Ces deux manuscrits sont toujours présentés dans le cadre de l’exposition qui se tient à la médiathèque de La Livinière.

L’après-midi appartenait à Marie-Elise Gardel, historienne et archéologue, qui est bien connue dans la région notamment pour ses fouilles à Lastours. Elle nous a présenté l’évolution morphologique du castrum de la Livinière, un castrum attesté au XIe s. Dans le village de La Livinière, le bâti est très dense, avec de nombreuses traces de constructions très anciennes (bases de mur en arête de poisson). Il est emblématique de ce que l’on peut voir dans de nombreux villages contemporains du Minervois, avec deux noyaux primitifs, l’un centré sur l’église, le noyau ecclésial, et l’autre autour du château, le noyau castral. A l’intérieur de ces noyaux primitifs, le réseau viaire est particulièrement étroit (1 ,70 m). Dans l’espace compris dans les anciennes enceintes du XII e s., il fait entre 2 m et 2,20 m. Ailleurs, dans les rues orthonormées du XIIIe S., le réseau viaire est encore plus large (environ 3 m). La Livinière regroupe un habitat dispersé à l’origine (Saint-Jean d’Ognon), au profit d’un castrum dynamique comme en témoigne le marché où s’échangeaient les produits de la plaine et de la montagne.

C’est ce patrimoine « très significatif, à protéger et à valoriser » que Marie-Elise Gardel a ensuite fait visiter au public dans les rues de la Livinière, en compagnie de M. Jean-Luc Garcia, adjoint au maire en charge de la culture.

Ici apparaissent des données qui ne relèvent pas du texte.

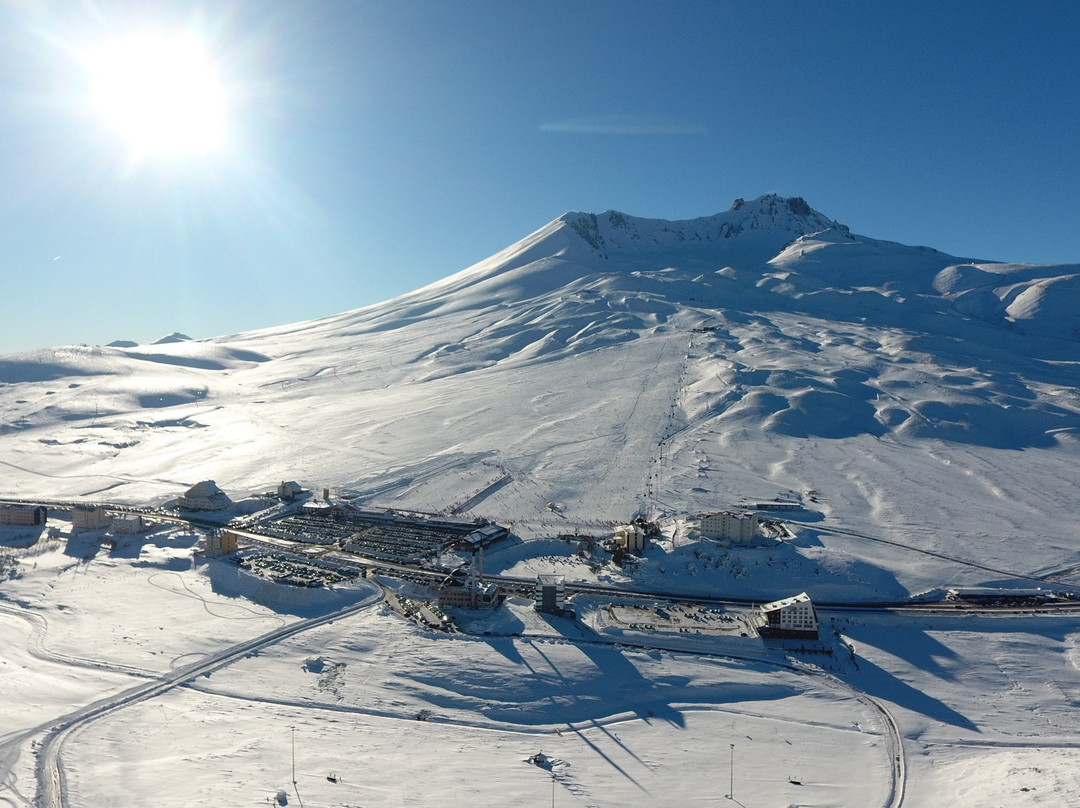 Erciyes Ski Resort景点图片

A l’issue de la visite, les participants ont été conviés au vin d’honneur offert par la Communauté des communes, et organisé à la mairie de Siran, qui a  clôturé ces journées.

Le bilan de ces deux journées est extrêmement positif. L’implication des bénévoles de « Menerbés », la disponibilité d’Angélique Cocordano et de Wendy Cunnen de la Communauté des communes, l’accueil du maire de Siran, Sebastien Olivares, et bien sûr l’intérêt du public et la pertinence de ses interventions ont contribué à leur succès. La qualité des interventions a fait le reste. Les conférenciers ont joué le jeu et répondu à la thématique « découvertes d’aujourd’hui, découvertes de demain » : Jean Vaquer appelle de ses vœux l’étude de sépultures néolithiques encore intactes pour y appliquer les techniques les plus récentes sur les séquences ADN qui permettraient de connaître les lignées enterrées sous les dolmens. Alexis Corrochano, l’étude exhaustive des nécropoles et leur étude anthropologique, Marie-Elise Gardel des fouilles au castrum de la Livinière dans le cadre du programme de réhabilitation initié par la mairie. Les Journées scientifiques en Minervois poursuivent leur objectif : chercher à maintenir l’intérêt de tous, chercheurs, responsables locaux, grand public,  pour le patrimoine du Minervois.